WHAT YOU WILL DO: Please copy out the entries below exactly, beginning with the line that contains "The OPPO F9 sunrise red." and ending with the line that contains "2024 GMC Sierra", and include nothing outside that span.

***** INPUT DATA *****

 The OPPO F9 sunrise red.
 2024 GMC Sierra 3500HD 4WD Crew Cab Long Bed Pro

*****
***** INPUT DATA *****

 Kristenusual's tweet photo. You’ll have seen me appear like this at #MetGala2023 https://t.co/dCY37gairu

*****
***** INPUT DATA *****

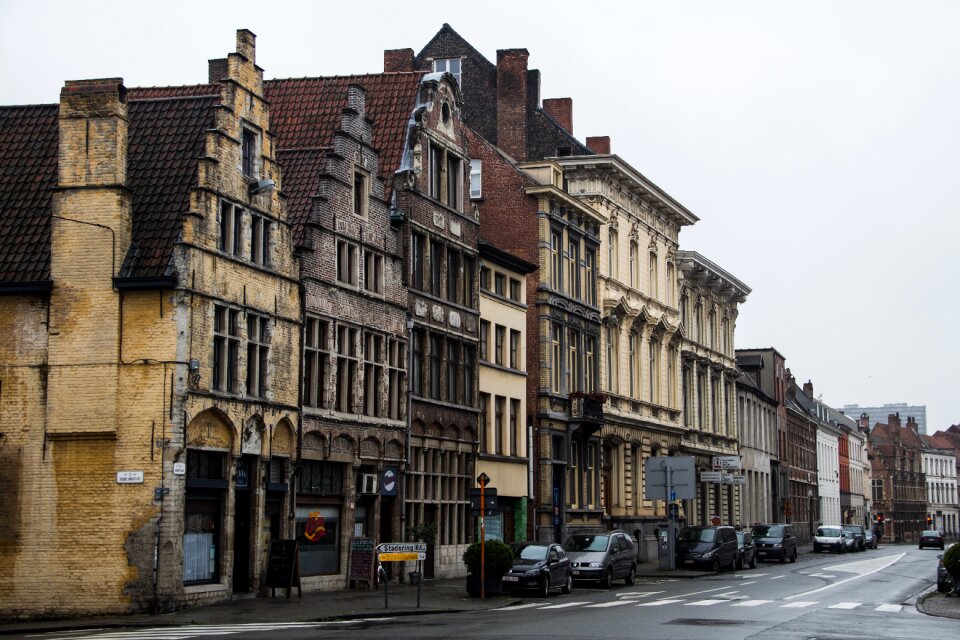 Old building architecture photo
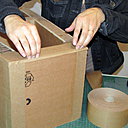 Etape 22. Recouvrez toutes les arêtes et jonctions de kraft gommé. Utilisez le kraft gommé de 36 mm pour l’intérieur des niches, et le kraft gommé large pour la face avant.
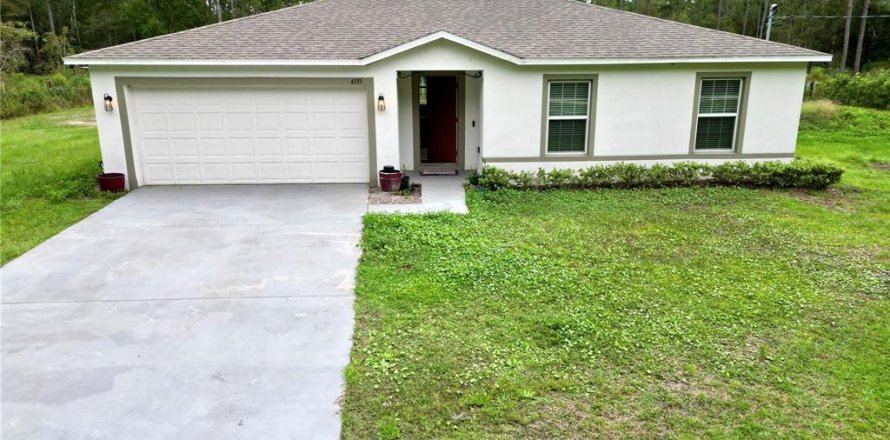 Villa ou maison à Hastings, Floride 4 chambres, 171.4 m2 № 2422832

*****

ANSWER TO THE PROBLEM:
 The OPPO F9 sunrise red.
 2024 GMC Sierra 3500HD 4WD Crew Cab Long Bed Pro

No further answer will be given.